Titel: Music Inspired By The Snow Goose

Erscheinungsjahr: 1975

Genre: Rock, Prog

Bewertung: 8 von 10  (8/10)

 

Rezension/Review

The Snow Goose ist der Titel des dritten Albums der Band Camel. Das Album erschien im Jahr 1975. Eingespielt wurde es in der klassischen Besetzung mit Andrew Latimer (Gitarren, Flöte, Gesang) Peter Bardens (Keyboards) Doug Ferguson (Bass) und Andy Ward (Drums, Percussion).

Das Album markierte sicherlich einen Höhepunkt der Bandgeschichte. Es erreichte immerhin Rang 22 der UK Charts und hielt sich dreizehn Wochen in den Charts. Dafür gab es Silber. In den USA erreichte die Band zwar nur Rang 169 der Charts, dafür gelang Camel der Durchbruch in Europa und Japan. The Snow Goose wird von vielen Fans und Kritikern als das wichtigste Bandalbum bewertet, in einigen Proglistings erscheint es immer wieder weit oben. Latimer selbst bewertete das Album später in einem Interview als das "vielleicht nicht wichtigste Album der Band, aber als das richtige Album zur richtigen Zeit".

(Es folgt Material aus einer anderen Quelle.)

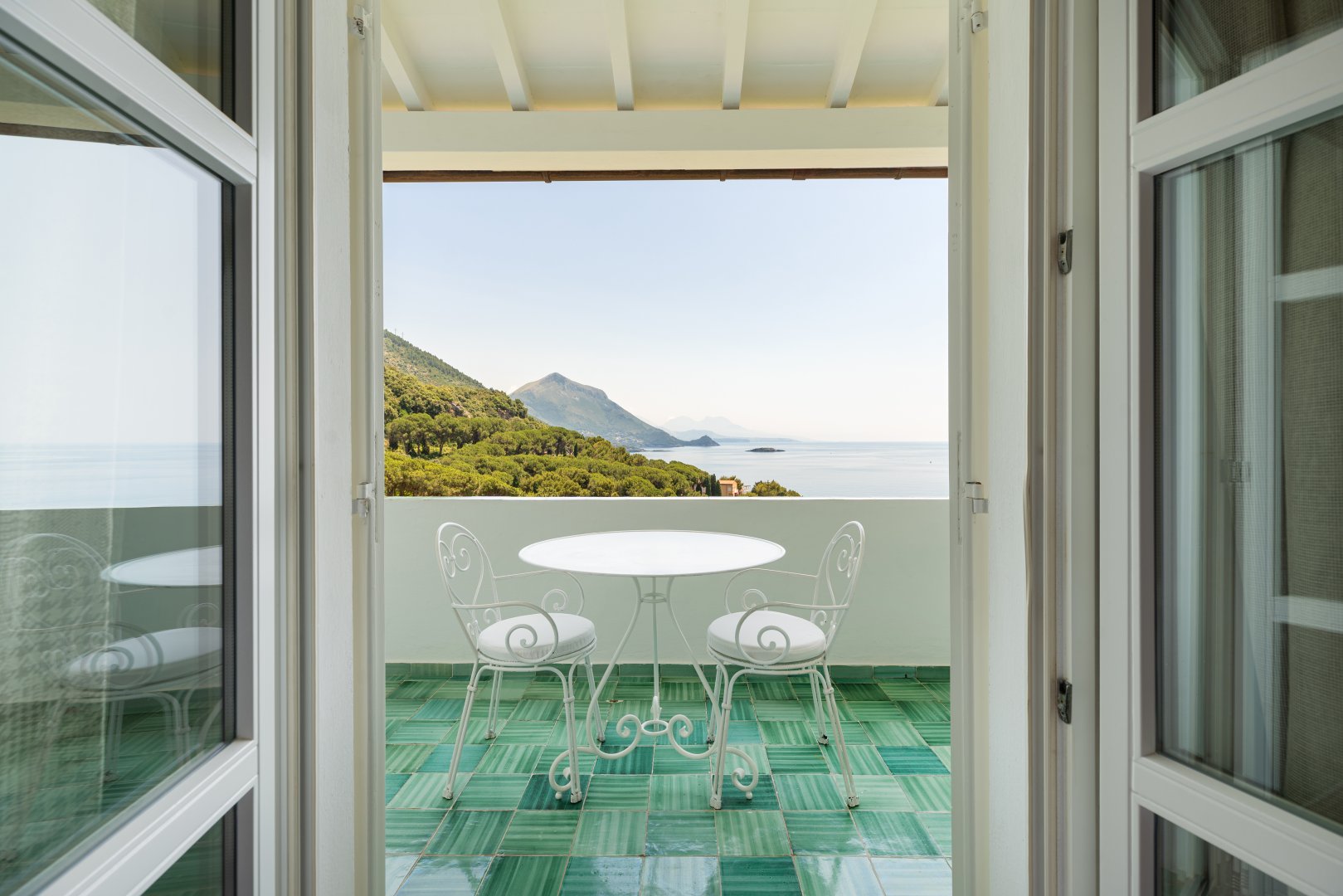 Maratea, 06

Die Band erhielt für ihr Vorgängeralbum Mirage guten Zuspruch und allgemein wurden dort vor allem die Suitenartigen Tracks gelobt. Dort hatten sie sich mit The White Rider z. B. an einer Minisuite zum Thema Tolkiens Herr Der Ringe gewagt. Bassist Ferguson soll aufgrund dieser Entwicklung ein Konzeptalbum vorgeschlagen haben. Dazu wollte man sich einer literarischen Vorlage bedienen. Bardens begann an Stücken, die sich auf Hermann Hesses Siddharta bezogen. Man ging damit sogar ins Studio, verwarf das Ganze jedoch. Bardens Idee, Steppenwolf von Hesse zu vertonen, wurde relativ schnell verworfen. Auch hier soll letzten Endes Bassist Ferguson mit der endgültigen Idee gekommen sein, er schlug die Novelle The Snow Goose vor.

Camel wählten die eher unbekannte Novelle von Paul Gallico. Sie gingen an die Arbeit und nahmen dafür auch Kontakt mit Gallico auf. Der war, so Latimer später, vor allem aus einem Grund überhaupt nicht begeistert: Gallico war ein mehr oder weniger militanter Nichtraucher und die Band konnte ihn nicht überzeugen, dass sie nichts mit der bekannten Zigarettenmarke zu tun hat. Gallico machte klar, dass er und der Verlag notfalls die Veröffentlichung verbieten würde. Die Band indes wollte unbedingt am Konzept festhalten und fragte bei der Rechtsabteilung ihrer Plattenfirma Decca nach, was man tun könnte. Von dort, so Latimer, kam dann der Rat mit dem Zusatz Music Inspired By.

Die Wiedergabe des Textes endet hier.